Exemples : Glock 17, SIG P226, Beretta 92, CZ 75.
Fait de se déplacer en portant une arme sur soi, utilisable immédiatement. Distinct du transport (arme inutilisable, démontée ou verrouillée). Port illégal cat. A ou B : 7 ans et 100 000 €.
Anneau ou garde entourant la détente pour prévenir son actionnement accidentel par un objet ou lors d'une chute. Intégré à la carcasse sur la plupart des armes modernes.
R
Reproduction d'une arme antérieure à 1900 pour munitions sans étui métallique (poudre noire, chargement par la bouche). Classée D f). À distinguer des armes historiques originales (D e) et des reproductions tirant des munitions modernes.

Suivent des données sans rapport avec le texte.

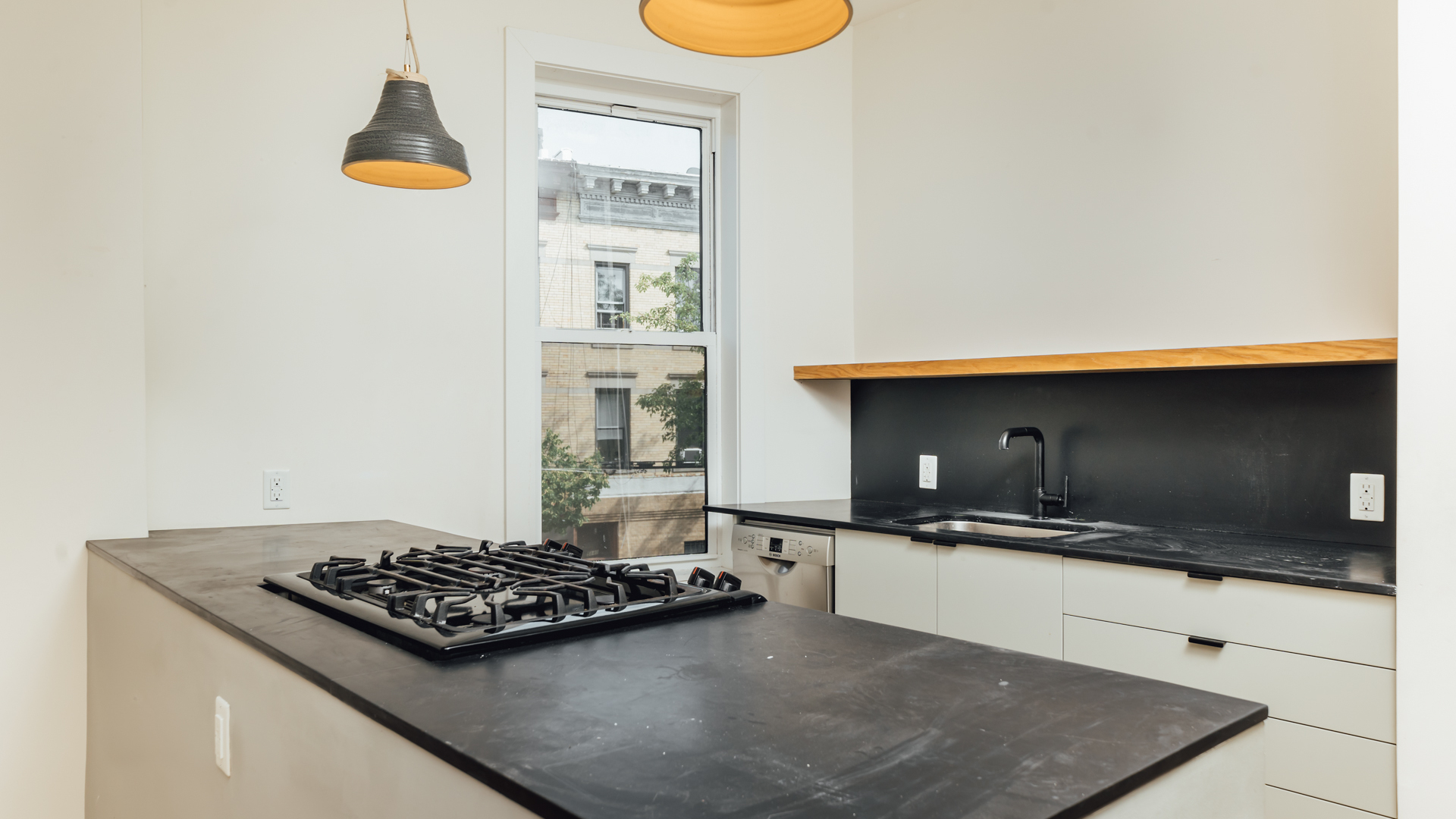 880 Woodward Avenue, Unit 2 Queens, NY 11385 - Photo 5 of 18 a kitchen with a stove and a microwave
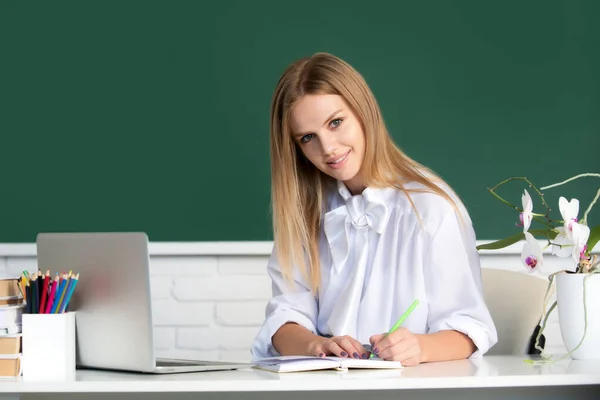 Portrait of smiling young college student writing, studying in classroom. — Stock Photo, Image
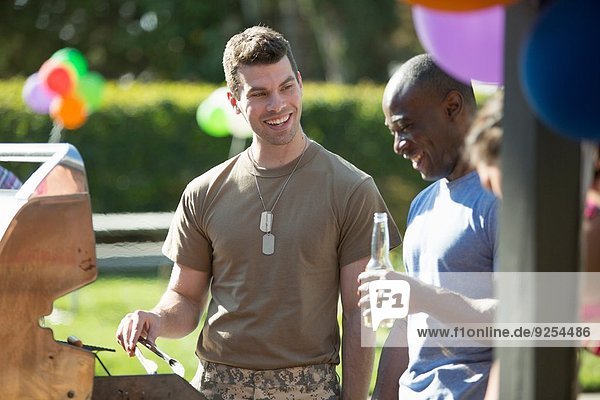 Männlicher Soldat beim Grillen mit Freunden auf der Homecoming-Party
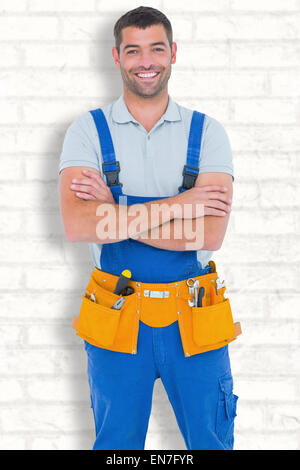 Zusammengesetztes Bild der Mechaniker in Overalls tragen Werkzeug Gürtel stehend Arme gekreuzt Stockfoto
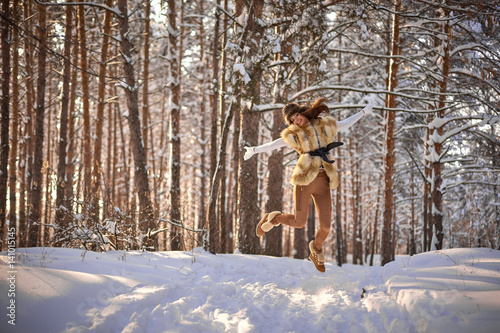 beautiful girl in fur vest in winter forest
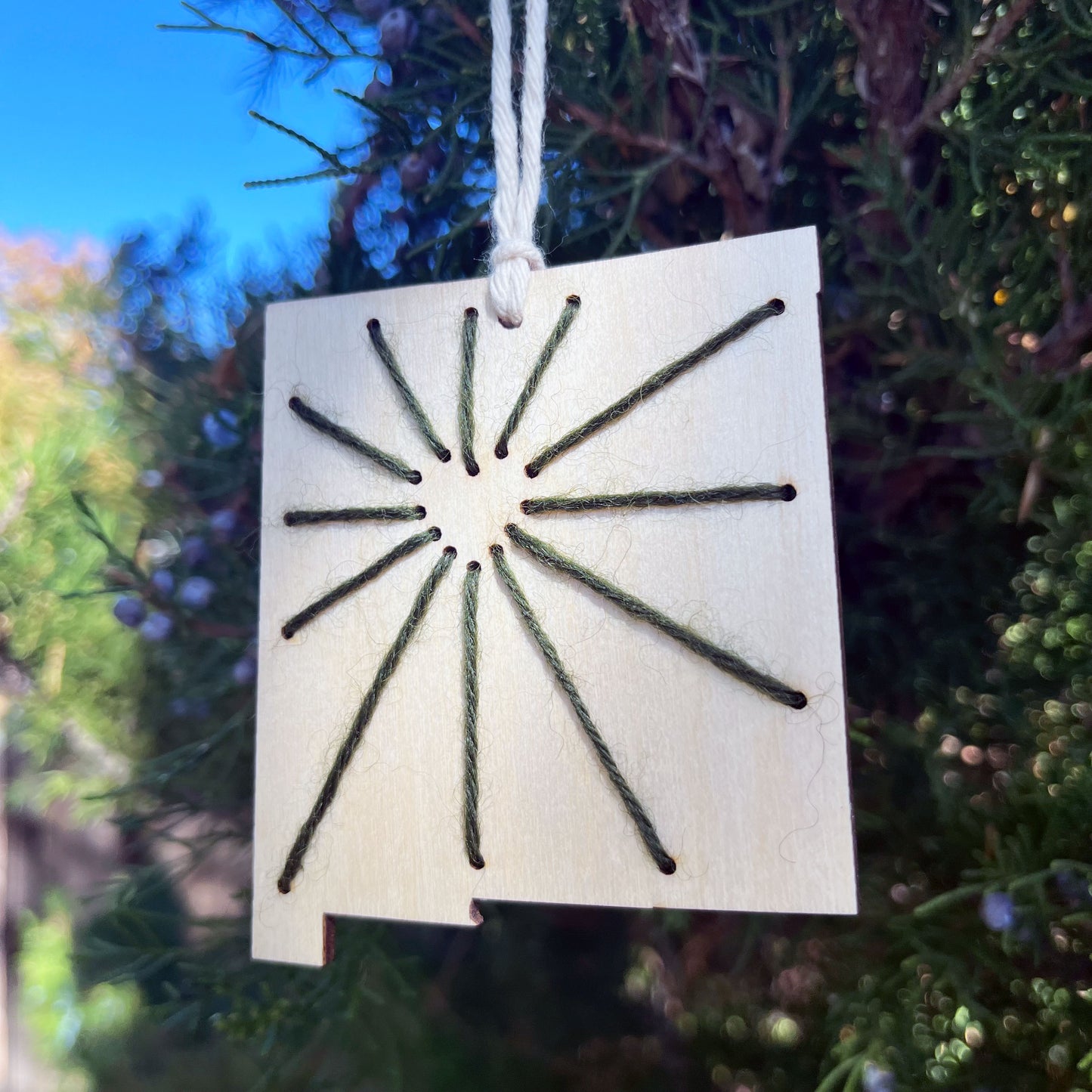 a laser cut wood ornament in the shape of New Mexico, hand embroidered in green thread with sunbeams coming out of a negative space heart, with an off white cord loop hanging on a pine tree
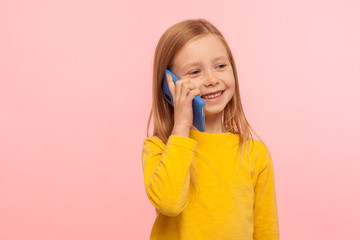 Cute little ginger girl with freckles smiling joyfully while calling parents on cell phone, good cellular, roaming, comfortable to use children mobile device. studio shot isolated on pink background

Arme de poing à barillet rotatif (5 à 8 chambres). Classé B 1° en configuration standard. Le barillet fait office de chargeur pour le calcul de capacité.
Exemples : Manurhin MR73, S&W 686, Colt Python.
S
Cat. A/B : détention illégale → 5 ans / 75 000 € ; port ou transport illégal → 7 ans / 100 000 €
Cat. C : détention / transport / port illégal → 2 ans / 30 000 €
Cat. D : port ou transport sans motif légitime → 1 an / 15 000 €
Dispositif empêchant le tir accidentel. Manuelle : levier actionné par le tireur. Automatique : s'arme lors de certaines manipulations. Passive : sécurité de percuteur ou de chute, toujours active sans intervention du tireur.
Arme se rechargeant automatiquement mais ne tirant qu'un coup par pression sur la détente. Peut être C, B ou A selon la capacité du chargeur inséré, le calibre et les dimensions.
Exemples : pistolets, carabines AR-style en version civile.
Modification de catégorie par arrêté ministériel, indépendamment des caractéristiques techniques.
Surclassement : catégorie plus restrictive (ex. Colt SAA 1873, théoriquement D → B par arrêté).
Déclassement : catégorie moins restrictive (ex. certaines armes militaires déclassées D g)).
T
Fait de déplacer une arme inutilisable immédiatement (démontée, verrouillée, dans un étui fermé). Distinct du port. Transport illégal cat. A ou B : 7 ans et 100 000 €.